To carry out comprehensive, accessibility-based planning requires an integrated set of transport and land use data as described above. As some of that information is already collected, data quality can often be improved with incremental expansion and improvements to existing data programs.
In the US, the current data program development efforts may be adequate for improving the ability of transport agencies to model and evaluate motor vehicle travel conditions. However, they will be inadequate for evaluating other modes and accessibility factors or other types of impacts, and will be least adequate for research purposes. As a result, future research will be less effective and more costly than if we start now to expand and improve data programs.
This is not to single out the US, as data program strategic development plans in other countries are even worse in this respect.

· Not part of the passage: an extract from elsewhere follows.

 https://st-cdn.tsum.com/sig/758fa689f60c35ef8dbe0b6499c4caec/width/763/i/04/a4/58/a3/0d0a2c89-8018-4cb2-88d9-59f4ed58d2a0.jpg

There is a need for transportation professionals and their representative organisations across the globe to communicate the value of high quality data and to support more strategic data program planning and development. Relatively simple actions, such as standardising definitions and collection methods or eliminating duplicated data collection by various agencies, can improve quality while reducing costs.
There is a need for professional organisations to support strategic data program developments. This should include national organisations to support domestic data programs with international organisations providing guidance and coordination among various jurisdictions and agencies.
We must become articulate at explaining the various benefits provided by data, the risks of reduced data quality and the economic returns provided by data program investments. This must include detailed technical analyses and easy-to-understand examples that communicate these concepts to general audiences.